OUVIR O CINEMA
João Mário Grilo

No princípio não esteve o Verbo.

Falar dos primeiros sons do cinema, é falar de quase tudo menos, quase sempre, de palavras: é falar, primeiramente, no ruído do projector, é falar, depois, na música - de piano ou de orquestra e, às vezes, mesmo cantada - que acompanha, em regra, cada sessão; é falar, por fim, nos múltiplos ruídos das salas, quase sempre recintos mal adaptados ao silêncio quase religioso que impera, hoje, nos nossos cinemas-estúdio.



Até 1927, ouvir um filme era, pois, escutar um universo desprovido do som da palavra e, sobretudo, partilhar o sentimento de comunicar para além dela. Ouvir um filme era assim, sobretudo, vê-Io, como o provam as múltiplas declarações a esse respeito, por exemplo, Louis Delluc, em 1917, a propósito de Jeanne d'Arc de Cecil B. deMille:

"Vi a cadência...tudo vive - e segundo um ritmo imposto. Como na sinfonia, onde cada nota procura a sua própria vitalidade. Mesmo quando submetidos a uma linha geral, todos os planos, todas as luzes e sombras se movem, se decompõem ou reconstituem, seguindo a necessidade de uma potente orquestração".

No mundo cinematográfico da altura, o som parece, sobretudo, residir no interior da própria imagem (daí, justamente, que não se posssa falar de um cinema mudo, mas surdo). O som vê-se, através do ritmo, e através da sua PERCEPÇÃO.

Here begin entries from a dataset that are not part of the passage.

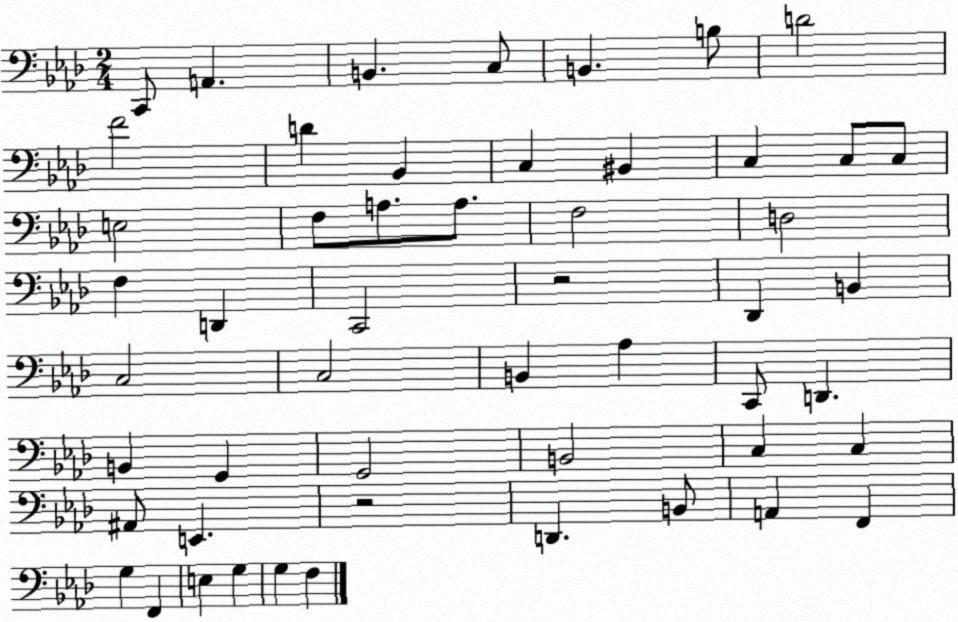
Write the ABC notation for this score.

X:1
T:Untitled
M:2/4
L:1/4
K:Ab
C,,/2 A,, B,, C,/2 B,, B,/2 D2 F2 D _B,, C, ^B,, C, C,/2 C,/2 E,2 F,/2 A,/2 A,/2 F,2 D,2 F, D,, C,,2 z2 _D,, B,, C,2 C,2 B,, _A, C,,/2 D,, B,, G,, G,,2 B,,2 C, C, ^A,,/2 E,, z2 D,, B,,/2 A,, F,, G, F,, E, G, G, F,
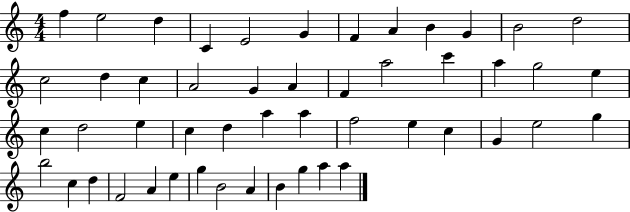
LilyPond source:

{
  \clef treble
  \numericTimeSignature
  \time 4/4
  \key c \major
  f''4 e''2 d''4 | c'4 e'2 g'4 | f'4 a'4 b'4 g'4 | b'2 d''2 | \break c''2 d''4 c''4 | a'2 g'4 a'4 | f'4 a''2 c'''4 | a''4 g''2 e''4 | \break c''4 d''2 e''4 | c''4 d''4 a''4 a''4 | f''2 e''4 c''4 | g'4 e''2 g''4 | \break b''2 c''4 d''4 | f'2 a'4 e''4 | g''4 b'2 a'4 | b'4 g''4 a''4 a''4 | \break \bar "|."
}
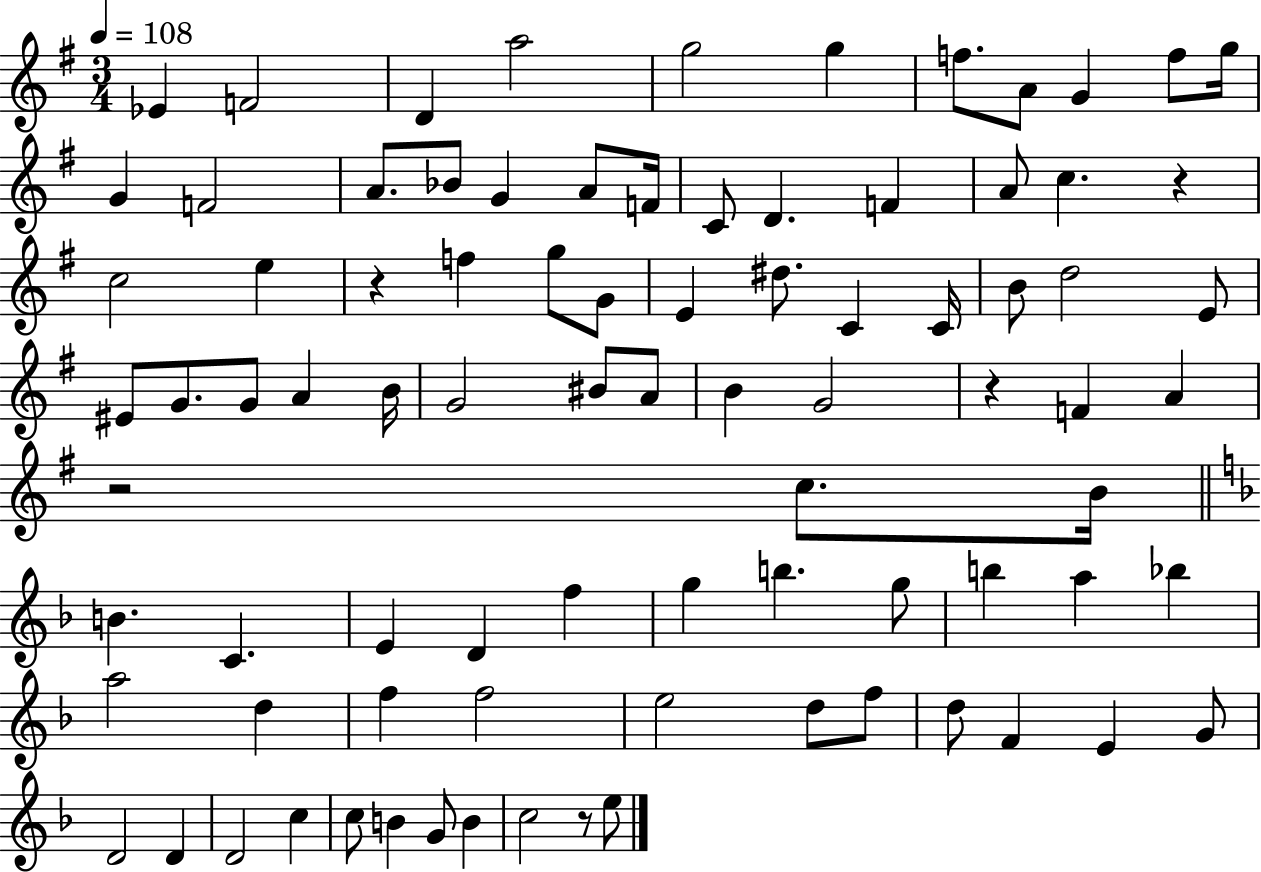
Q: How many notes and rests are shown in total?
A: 86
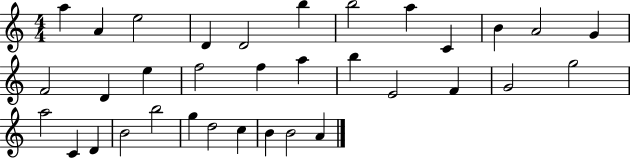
X:1
T:Untitled
M:4/4
L:1/4
K:C
a A e2 D D2 b b2 a C B A2 G F2 D e f2 f a b E2 F G2 g2 a2 C D B2 b2 g d2 c B B2 A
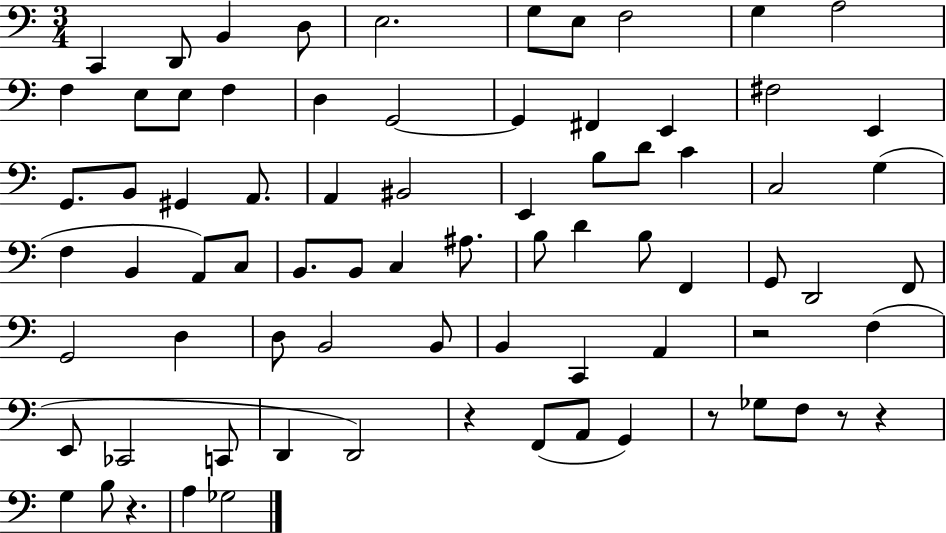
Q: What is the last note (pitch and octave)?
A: Gb3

VISIONAMENTO DE EXCERTOS DOS FILMES
O HOMEM DA CÂMARA DE FILMAR, DE DZIGA VERTOV
E NAPOLEON, DE ABEL GANCE
 

É, pois, esta paisagem extremamente particular e extremamente experimental na história da comunicação estética que se altera, brutalmente, a partir de 1927, com a institucionalização industrial e comercial do chamado "cinema sonoro".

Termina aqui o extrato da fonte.